* Benford's Law
@ 2007-10-16 17:07 mjhealy
0 siblings, 0 replies; 3+ messages in thread
From: mjhealy @ 2007-10-16 17:07 UTC (permalink / raw)
To: categories
This message was stimulated by John Baez's week257 which, though
interesting as usual, has one item of special interest to me at this time.
I haven't yet looked at Minhyong Kim's work, and I don't know how this
fits in with number theory or categories, but a friend is encouraging me
to go to the following conference on Benford's Law:
http://www.ece.unm.edu/benford .
Does anybody on this list (including you, John) know of a connection
between Benford's Law and any work in category theory? I would really
like to hear about it if so.
Thanks,
Mike
^ permalink raw reply [flat|nested] 3+ messages in thread
* Re: Benford's Law
@ 2007-10-17 12:08 Robert J. MacG. Dawson
0 siblings, 0 replies; 3+ messages in thread
From: Robert J. MacG. Dawson @ 2007-10-17 12:08 UTC (permalink / raw)
To: categories
mjhealy@ece.unm.edu wrote:
> Does anybody on this list (including you, John) know of a connection
> between Benford's Law and any work in category theory? I would really
> like to hear about it if so.
I doubt if there is much of one.
I suppose _some_ sort of connection might be made through the concept
of "invariance" - Benford's law holds for distributions that are wide
enough not to have a "natural scale". If you cannot give an approximate
answer to "how big is a (river/piece of string/data file/bank deposit)?"
then the distribution of first digits in (say) centimeters should
[waving hands hard] be the same as that in furlongs or wavelengths of
green light; and from that property Benford's law follows.
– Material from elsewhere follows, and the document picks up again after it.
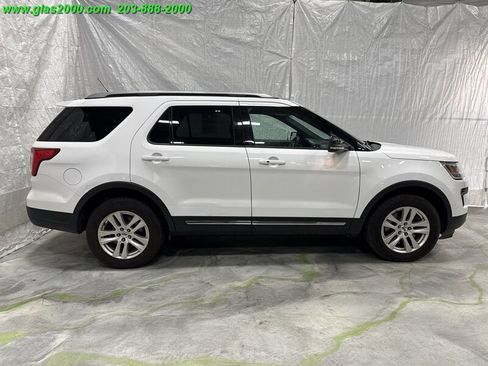 Used 2018 Ford Explorer XLT w/ Equipment Group 201A image 14
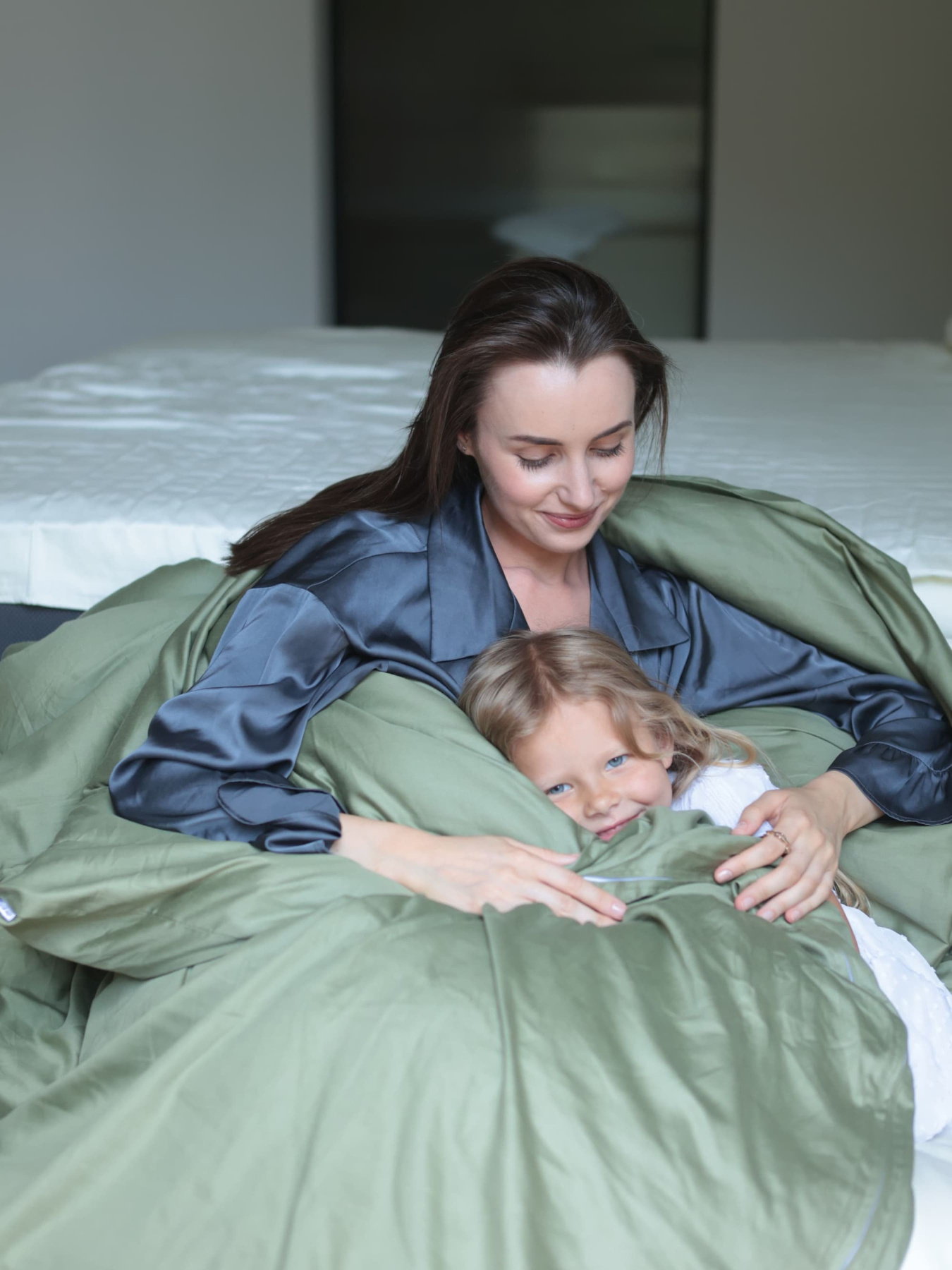 Комплект постельного белья с ткани Сатин цвет Оливковый и молочный BedclozZzes модель 18641-4 Фото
On the other hand, humans are approximately of a height, to the point
that the foot, hand, cubit, fathom, etc. can be used as rough units in
their natural form. Thus there is a natural scale for human heights,
and we are not surprised that almost all human heights in meters have a
first digit 1 and very few do in inches.
-Robert
^ permalink raw reply [flat|nested] 3+ messages in thread
* Benford's law
@ 2007-10-17 2:51 John Baez
0 siblings, 0 replies; 3+ messages in thread
From: John Baez @ 2007-10-17 2:51 UTC (permalink / raw)
To: categories
Mike writes:
>I haven't yet looked at Minhyong Kim's work, and I don't know how this
>fits in with number theory or categories, but a friend is encouraging me
>to go to the following conference on Benford's Law:
>http://www.ece.unm.edu/benford .
>
>Does anybody on this list (including you, John) know of a connection
>between Benford's Law and any work in category theory? I would really
>like to hear about it if so.
I don't know any interesting connection between this law and category
theory or number theory.
I didn't know it was called "Benford's law", but I knew the idea:
if you take a table of widely spread numbers (say the gross national
products of nations, or the incomes of Americans), often about
log 2 ~ 30%
will have 1 as their first digit, about
log 3 - log 2 ~ 17%
will have 2 as their first digit, and so on.
It's easy to derive this law from the assumption that the data is
distributed in an approximately scale-invariant way within a certain
range. (That is, the percentage of numbers in your table between
X and cX is about equal to the percentage between Y and cY, for c not
too big, and X and Y within some large but finite range. Or: the
logarithms of the numbers are approximately uniformly distributed over
some interval.)
So, the mystery of Benford's law reduces to the mystery of this
fact: in practice, widely spread numbers are often distributed
in an approximately scale-invariant way, within some range.
(Perhaps some people find Benford's law mysterious because it's
impossible for a probability distribution to be *perfectly*
scale-invariant. But that's a red herring. It's enough to have
approximate scale-invariance within some range, for example a couple
powers of 10.)
Why is approximate scale-invariance so common? People have
written books on this! Here's a nice one:
Manfred Schroeder, Chaos, Fractals, Power Laws, W. H. Freeman, 1992.
Or, for starters:
http://en.wikipedia.org/wiki/Power_law
I would rather go to a conference on power laws than a conference
on Benford's law, which seems like just a spinoff.